## DATASET EXCERPT
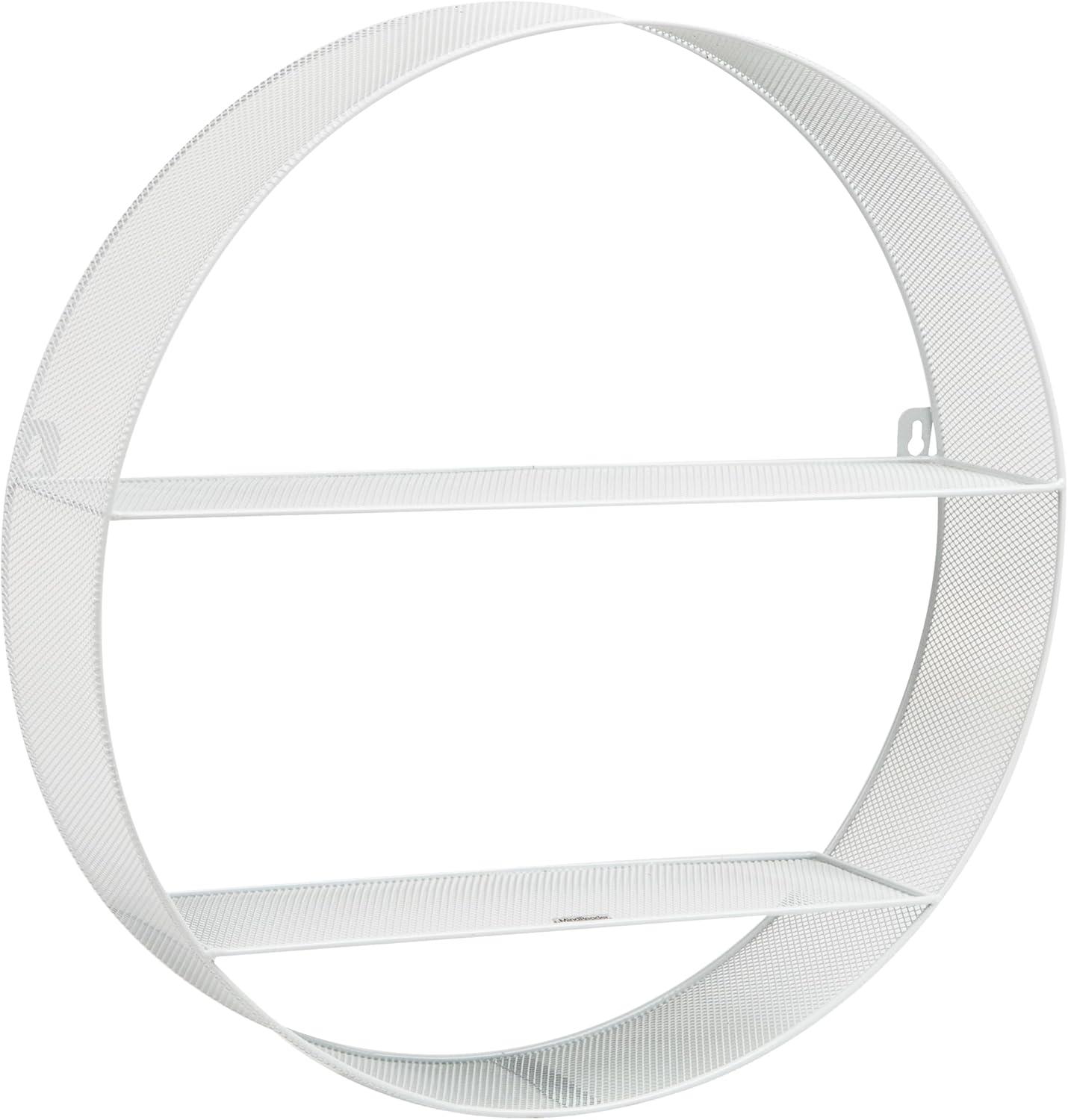imageMind Reader Circular Floating Shelves Wall Decor Accent Shelf Office Bathroom Bamboo 18 L x 4 W x 18 H BrownWhite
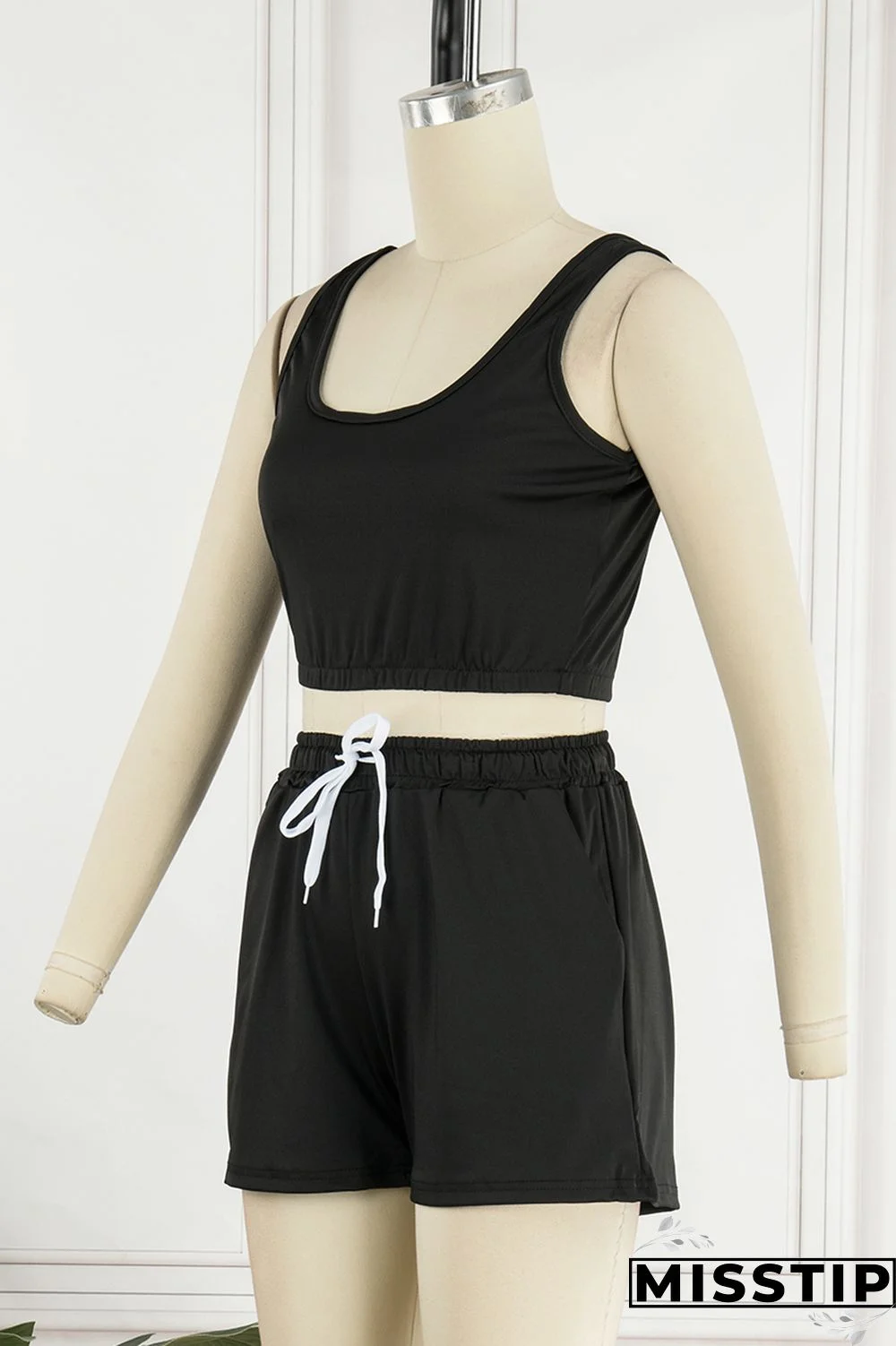 Orange Casual Solid Basic U Neck Sleeveless Two Pieces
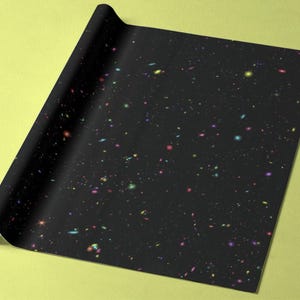 Papel de regalo para el estudio extragaláctico profundo avanzado JWST, edición Confetti, papel de regalo STEM oscuro/espacial, estrellas, galaxia, geek, varios tamaños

## EXERCISE
From the first line to the last, write out the data exactly, dropping any pictures.

## RESPONSE
imageMind Reader Circular Floating Shelves Wall Decor Accent Shelf Office Bathroom Bamboo 18 L x 4 W x 18 H BrownWhite
 Orange Casual Solid Basic U Neck Sleeveless Two Pieces
 Papel de regalo para el estudio extragaláctico profundo avanzado JWST, edición Confetti, papel de regalo STEM oscuro/espacial, estrellas, galaxia, geek, varios tamaños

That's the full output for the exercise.